You still haven't answered what you mean by high achieving.
Academic achievement is never a guarantee of a highly successful life.
I have two DS who were average at school, both took the apprenticeship route and secured places that had hundreds of applicants. DS2 is a late teenager but well on the road to a successful career.
DS1 bought a lovely home in a desirable area at 23. He is engaged (his fiancée was privately educated, comes from a wealthy family but DS1 is her equal in their life together.) I'd say they are highly successful if you look at their life but my son works and pays for his half of it, whereas his fiancée has a fairly decent job but is gifted a lot of money and material things, like her Range Rover and has a substantial trust fund.
Then we come to DC3, highly academic and due to sit her GCSES next year. She is predicted all 8&9s and intends to attend sixth form, then onto a great uni but only time will tell. Achievement can be measured in many different ways.

Babdoc · 27/10/2022 10:45

Genetics. DD has an IQ of 166 and is autistic. She had a reading age of 12 in reception class. She went to the state village primary, where they had to get secondary school maths books for her, and a bog standard state comprehensive.
She got straight As, both in her five Highers and in her five Advanced Highers (Scotland) and sat them early. Then did a maths degree at Durham uni. She has never been “hothoused” or had a private tutor. And I was a widowed single parent, working as a hospital doctor, from when she was 2 years old.

Starbrightmoonlight · 27/10/2022 10:46

By high achieving I mean top sets, being an all round student, speaking multiple languages, playing an instrument & on track to get into an rg University.

OP posts:
Allsnotwell · 27/10/2022 10:47

which all takes money. Or at least makes it easier. Theatre tickets, cinemas, family trip is easily £100 +. Paying for extra curriculars takes money.
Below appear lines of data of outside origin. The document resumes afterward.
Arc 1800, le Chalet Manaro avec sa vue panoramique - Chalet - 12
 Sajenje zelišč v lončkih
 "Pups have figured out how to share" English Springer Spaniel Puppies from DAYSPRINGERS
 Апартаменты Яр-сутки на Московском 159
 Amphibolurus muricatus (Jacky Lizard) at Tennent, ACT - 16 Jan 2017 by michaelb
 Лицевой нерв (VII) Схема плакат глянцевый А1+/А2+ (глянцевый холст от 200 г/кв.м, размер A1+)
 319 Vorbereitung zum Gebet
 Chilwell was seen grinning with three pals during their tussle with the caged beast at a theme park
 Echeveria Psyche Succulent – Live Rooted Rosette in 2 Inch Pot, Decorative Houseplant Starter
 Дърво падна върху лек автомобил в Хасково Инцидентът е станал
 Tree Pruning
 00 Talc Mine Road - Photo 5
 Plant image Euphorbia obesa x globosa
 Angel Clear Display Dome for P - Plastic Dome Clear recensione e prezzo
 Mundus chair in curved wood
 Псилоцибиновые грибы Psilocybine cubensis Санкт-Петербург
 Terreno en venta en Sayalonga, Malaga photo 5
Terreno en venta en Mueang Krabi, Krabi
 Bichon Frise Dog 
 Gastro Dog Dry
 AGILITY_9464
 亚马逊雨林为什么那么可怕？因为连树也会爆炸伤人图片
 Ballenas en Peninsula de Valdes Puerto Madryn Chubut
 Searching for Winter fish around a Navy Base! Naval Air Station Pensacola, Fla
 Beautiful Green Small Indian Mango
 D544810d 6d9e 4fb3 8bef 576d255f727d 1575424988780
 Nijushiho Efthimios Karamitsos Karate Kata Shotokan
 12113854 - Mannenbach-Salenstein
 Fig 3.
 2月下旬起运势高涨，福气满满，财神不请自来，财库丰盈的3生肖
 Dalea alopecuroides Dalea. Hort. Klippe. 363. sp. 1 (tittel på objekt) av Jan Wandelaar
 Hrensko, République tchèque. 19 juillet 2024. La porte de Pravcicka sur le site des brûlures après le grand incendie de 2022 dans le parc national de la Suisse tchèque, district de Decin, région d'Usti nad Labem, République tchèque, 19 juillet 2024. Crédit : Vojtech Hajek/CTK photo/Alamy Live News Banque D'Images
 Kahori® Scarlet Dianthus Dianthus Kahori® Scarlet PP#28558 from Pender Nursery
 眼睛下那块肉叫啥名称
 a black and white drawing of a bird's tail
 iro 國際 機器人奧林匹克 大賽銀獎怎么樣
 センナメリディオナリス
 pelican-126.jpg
You can go to smaller theaters community ones charge pennies, same with ball parks, council ones are much cheaper, we use Tesco vouchers for these things so can cost nothing, kids did council run gymnastics, no uniform and great facilities, these things are available and not necessarily that expensive.

Cuppasoupmonster · 27/10/2022 10:47

Genetics. Money can get you so far, but not all the way. Some kids just aren’t bright. Well, most of them actually.